§ Problem
An accurate, complete copy of the records below is required.

§ Information shown
-- Opening Marker --
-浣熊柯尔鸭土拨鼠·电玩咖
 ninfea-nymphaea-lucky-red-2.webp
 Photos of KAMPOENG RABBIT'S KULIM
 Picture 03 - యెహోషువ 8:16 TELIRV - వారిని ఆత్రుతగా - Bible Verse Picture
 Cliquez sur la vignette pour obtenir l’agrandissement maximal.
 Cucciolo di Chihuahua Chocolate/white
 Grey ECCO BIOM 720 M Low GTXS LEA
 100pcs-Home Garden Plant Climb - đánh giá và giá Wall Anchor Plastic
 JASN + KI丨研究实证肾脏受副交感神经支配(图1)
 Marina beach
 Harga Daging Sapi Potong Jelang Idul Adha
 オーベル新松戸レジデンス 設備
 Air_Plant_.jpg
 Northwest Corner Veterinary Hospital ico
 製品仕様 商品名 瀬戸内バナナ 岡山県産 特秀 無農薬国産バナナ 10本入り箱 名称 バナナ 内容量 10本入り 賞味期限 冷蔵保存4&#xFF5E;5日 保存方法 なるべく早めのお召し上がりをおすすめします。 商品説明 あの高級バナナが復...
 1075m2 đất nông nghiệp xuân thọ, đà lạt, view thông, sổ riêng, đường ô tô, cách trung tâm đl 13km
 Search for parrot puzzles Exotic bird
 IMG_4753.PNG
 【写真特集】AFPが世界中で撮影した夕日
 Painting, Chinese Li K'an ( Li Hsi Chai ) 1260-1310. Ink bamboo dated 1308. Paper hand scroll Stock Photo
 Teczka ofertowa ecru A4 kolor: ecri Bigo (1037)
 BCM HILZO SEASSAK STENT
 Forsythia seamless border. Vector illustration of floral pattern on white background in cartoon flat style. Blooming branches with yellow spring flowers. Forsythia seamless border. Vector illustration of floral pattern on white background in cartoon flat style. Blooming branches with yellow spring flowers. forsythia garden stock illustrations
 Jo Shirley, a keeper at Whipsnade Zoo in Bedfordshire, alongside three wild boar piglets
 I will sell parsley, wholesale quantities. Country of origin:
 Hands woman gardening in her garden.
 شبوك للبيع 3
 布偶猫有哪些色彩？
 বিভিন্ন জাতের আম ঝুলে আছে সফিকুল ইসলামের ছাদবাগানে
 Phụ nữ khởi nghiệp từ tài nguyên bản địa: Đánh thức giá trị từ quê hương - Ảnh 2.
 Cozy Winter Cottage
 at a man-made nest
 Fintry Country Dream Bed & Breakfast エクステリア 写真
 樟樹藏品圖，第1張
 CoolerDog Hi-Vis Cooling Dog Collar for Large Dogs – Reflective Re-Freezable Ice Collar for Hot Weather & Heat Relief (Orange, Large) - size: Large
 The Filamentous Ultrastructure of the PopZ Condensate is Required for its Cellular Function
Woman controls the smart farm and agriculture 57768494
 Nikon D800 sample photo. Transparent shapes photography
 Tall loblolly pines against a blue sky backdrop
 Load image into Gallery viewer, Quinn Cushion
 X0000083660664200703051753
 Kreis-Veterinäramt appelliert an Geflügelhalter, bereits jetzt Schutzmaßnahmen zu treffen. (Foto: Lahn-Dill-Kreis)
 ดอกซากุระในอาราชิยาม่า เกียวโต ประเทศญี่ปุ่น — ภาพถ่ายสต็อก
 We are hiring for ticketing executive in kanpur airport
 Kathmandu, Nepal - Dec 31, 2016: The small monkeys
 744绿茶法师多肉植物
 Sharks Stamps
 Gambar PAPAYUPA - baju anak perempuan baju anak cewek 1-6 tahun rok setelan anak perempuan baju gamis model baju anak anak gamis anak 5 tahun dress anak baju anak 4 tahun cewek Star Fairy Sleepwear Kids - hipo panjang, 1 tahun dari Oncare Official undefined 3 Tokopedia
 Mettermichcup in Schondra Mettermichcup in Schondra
-- Closing Marker --
§ Expected answer
-浣熊柯尔鸭土拨鼠·电玩咖
 ninfea-nymphaea-lucky-red-2.webp
 Photos of KAMPOENG RABBIT'S KULIM
 Picture 03 - యెహోషువ 8:16 TELIRV - వారిని ఆత్రుతగా - Bible Verse Picture
 Cliquez sur la vignette pour obtenir l’agrandissement maximal.
 Cucciolo di Chihuahua Chocolate/white
 Grey ECCO BIOM 720 M Low GTXS LEA
 100pcs-Home Garden Plant Climb - đánh giá và giá Wall Anchor Plastic
 JASN + KI丨研究实证肾脏受副交感神经支配(图1)
 Marina beach
 Harga Daging Sapi Potong Jelang Idul Adha
 オーベル新松戸レジデンス 設備
 Air_Plant_.jpg
 Northwest Corner Veterinary Hospital ico
 製品仕様 商品名 瀬戸内バナナ 岡山県産 特秀 無農薬国産バナナ 10本入り箱 名称 バナナ 内容量 10本入り 賞味期限 冷蔵保存4&#xFF5E;5日 保存方法 なるべく早めのお召し上がりをおすすめします。 商品説明 あの高級バナナが復...
 1075m2 đất nông nghiệp xuân thọ, đà lạt, view thông, sổ riêng, đường ô tô, cách trung tâm đl 13km
 Search for parrot puzzles Exotic bird
 IMG_4753.PNG
 【写真特集】AFPが世界中で撮影した夕日
 Painting, Chinese Li K'an ( Li Hsi Chai ) 1260-1310. Ink bamboo dated 1308. Paper hand scroll Stock Photo
 Teczka ofertowa ecru A4 kolor: ecri Bigo (1037)
 BCM HILZO SEASSAK STENT
 Forsythia seamless border. Vector illustration of floral pattern on white background in cartoon flat style. Blooming branches with yellow spring flowers. Forsythia seamless border. Vector illustration of floral pattern on white background in cartoon flat style. Blooming branches with yellow spring flowers. forsythia garden stock illustrations
 Jo Shirley, a keeper at Whipsnade Zoo in Bedfordshire, alongside three wild boar piglets
 I will sell parsley, wholesale quantities. Country of origin:
 Hands woman gardening in her garden.
 شبوك للبيع 3
 布偶猫有哪些色彩？
 বিভিন্ন জাতের আম ঝুলে আছে সফিকুল ইসলামের ছাদবাগানে
 Phụ nữ khởi nghiệp từ tài nguyên bản địa: Đánh thức giá trị từ quê hương - Ảnh 2.
 Cozy Winter Cottage
 at a man-made nest
 Fintry Country Dream Bed & Breakfast エクステリア 写真
 樟樹藏品圖，第1張
 CoolerDog Hi-Vis Cooling Dog Collar for Large Dogs – Reflective Re-Freezable Ice Collar for Hot Weather & Heat Relief (Orange, Large) - size: Large
 The Filamentous Ultrastructure of the PopZ Condensate is Required for its Cellular Function
Woman controls the smart farm and agriculture 57768494
 Nikon D800 sample photo. Transparent shapes photography
 Tall loblolly pines against a blue sky backdrop
 Load image into Gallery viewer, Quinn Cushion
 X0000083660664200703051753
 Kreis-Veterinäramt appelliert an Geflügelhalter, bereits jetzt Schutzmaßnahmen zu treffen. (Foto: Lahn-Dill-Kreis)
 ดอกซากุระในอาราชิยาม่า เกียวโต ประเทศญี่ปุ่น — ภาพถ่ายสต็อก
 We are hiring for ticketing executive in kanpur airport
 Kathmandu, Nepal - Dec 31, 2016: The small monkeys
 744绿茶法师多肉植物
 Sharks Stamps
 Gambar PAPAYUPA - baju anak perempuan baju anak cewek 1-6 tahun rok setelan anak perempuan baju gamis model baju anak anak gamis anak 5 tahun dress anak baju anak 4 tahun cewek Star Fairy Sleepwear Kids - hipo panjang, 1 tahun dari Oncare Official undefined 3 Tokopedia
 Mettermichcup in Schondra Mettermichcup in Schondra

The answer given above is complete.